In recent time, Tor has made the decision to use semi-persistent entry nodes which they call this feature “Entry Guards.” “Entry Nodes” are simply the first node you connect with to join the Tor Network, but an Entry Guard refers to the feature of pinning the entry nodes across sessions. The Tor Project asked the question “Is it safer to constantly change the first node you connect to or should that remain the same.” The conclusion was by choosing a static entry node, you statistically have a much lower risk of one your circuits being compromised in the case of resourceful state actors.

I’ll skip over the whole debate about why they did this. If you’d like to read more information about why they did this, you can read the article here. For the sake of discussion, lets just accept this as truth and use this to highlight a situation that it creates:

1. Instance Leakage

In the case that you are running multiple instances of Tor, because each instance uses a static guard, that means that passive adversaries are able to identify exactly the number of tor nodes you’re running in your network.

For example, you have a laptop, a relay, and some arm device that are all running Tor.
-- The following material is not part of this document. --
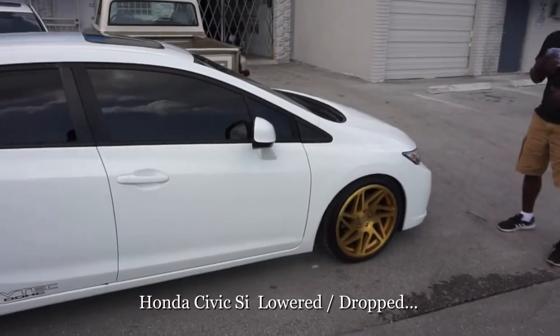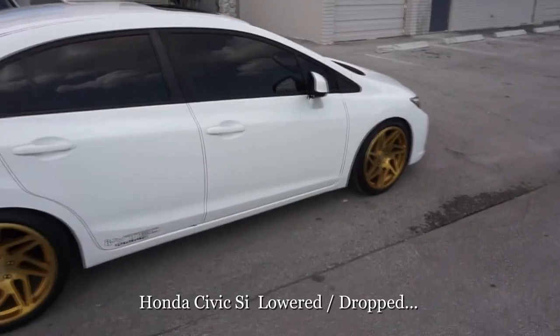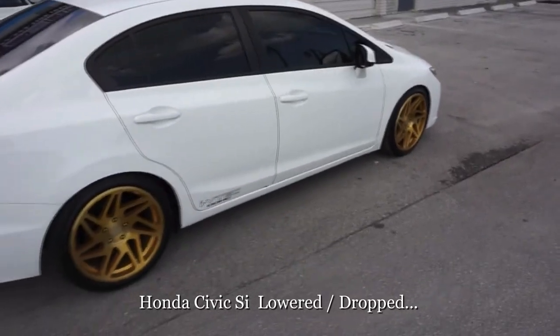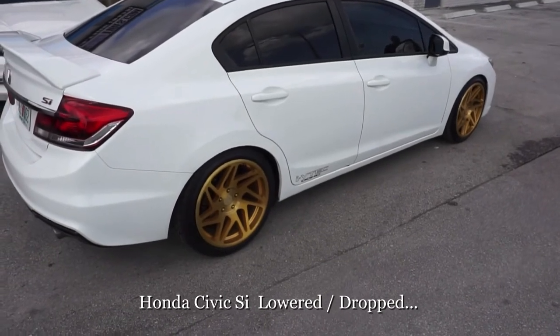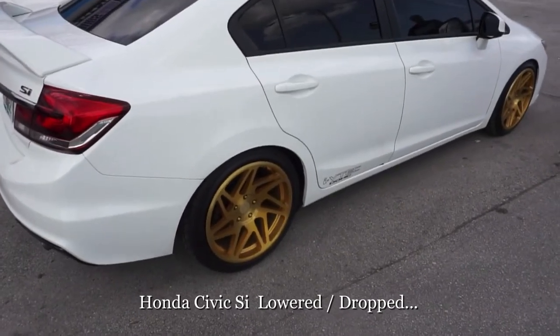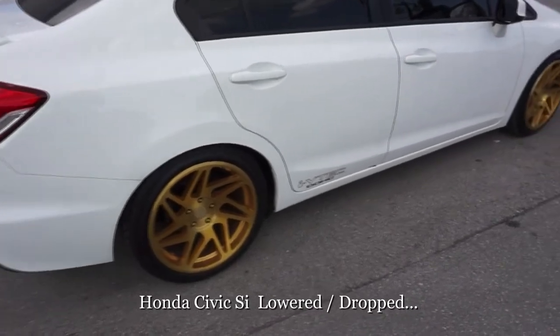How you doing? Steve coming at you live from Dubs and Tires. Right now we are looking at my personal vehicle. It's a 2013 Honda Civic Si. I went ahead and lowered it on some Skunk 2 lowering springs — two and a quarter inch drop in the front, two inch drop in the back.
In every instance, the tor binary is making a choice about its guard nodes to use. In every instance it will (probably) make a different decision. This means that passive adversaries (ISP or the like) can take known guards, and watch your connections to them, and deduce how many tor instances are on your network.
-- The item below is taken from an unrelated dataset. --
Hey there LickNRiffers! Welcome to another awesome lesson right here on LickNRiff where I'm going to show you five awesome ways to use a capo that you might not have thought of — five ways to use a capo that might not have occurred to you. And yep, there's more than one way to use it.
One of the risks I’ve talked about in the past was the issues with the Harvard Bomb Threat where the campus network simply attributed the user because they built a list of all the people on campus using Tor. I think we should be sensitive to this attack because it’s very low resource even for local law enforcement. In the case that your ISP is logging your actions, and a event happened in your area, the first people they are going to start tracking are the people using tor. If they can see that you’re not only running Tor at a given point in time but 7 instances all the time, they might be knocking on your door first.
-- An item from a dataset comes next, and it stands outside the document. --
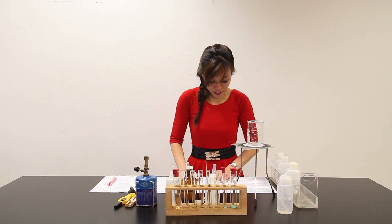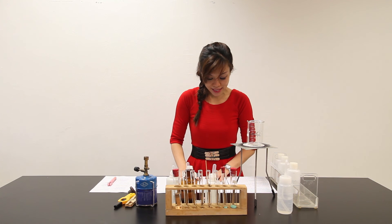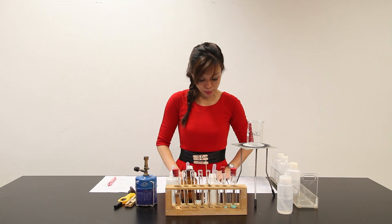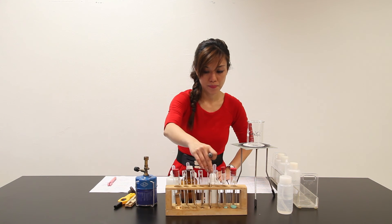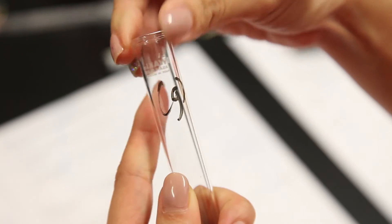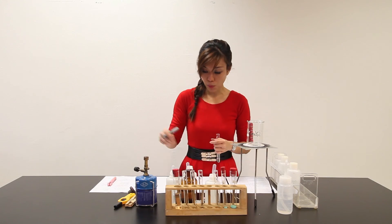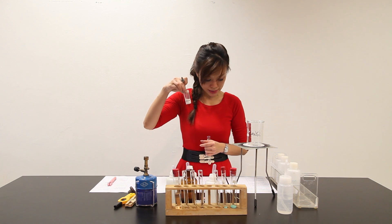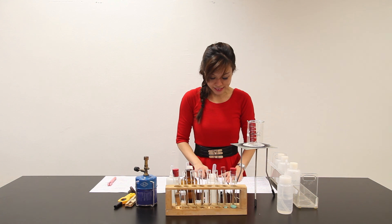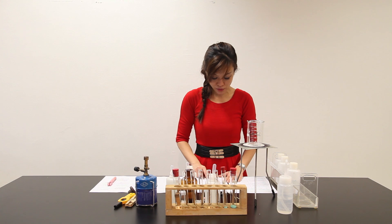Part G: place about 1 cm³ of Solution Z in a clean test tube. Add one spatula load of solid sodium chloride, insert a rubber bung, and shake the test tube thoroughly to dissolve the solid. For another test tube, add another 1 cm³ of Solution Z. Add one spatula full of sodium chloride. Add water until the test tube is over half full, then mix the contents thoroughly.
This issue alone is not as big as the bigger threat when you talk about traffic correlation attacks.

2. Traffic Correlation Weaknesses

In the past, Tor Project has recommended that you run relay alongside of a client to increase your protection against traffic analysis. This recommendation is now wrong. The idea at the time was it would be hard to differentiate your traffic from relay traffic because you would be jumping around across circuits.

Because of the static guard nodes, it is much easier to differentiate between the traffic of each different instance. The relay that you’re running will connect to Guard A and the tor client that you’re running will connect to Guard B. From a traffic correlation perspective, it’s very easy to associate traffic of an individual tor instance to its traffic.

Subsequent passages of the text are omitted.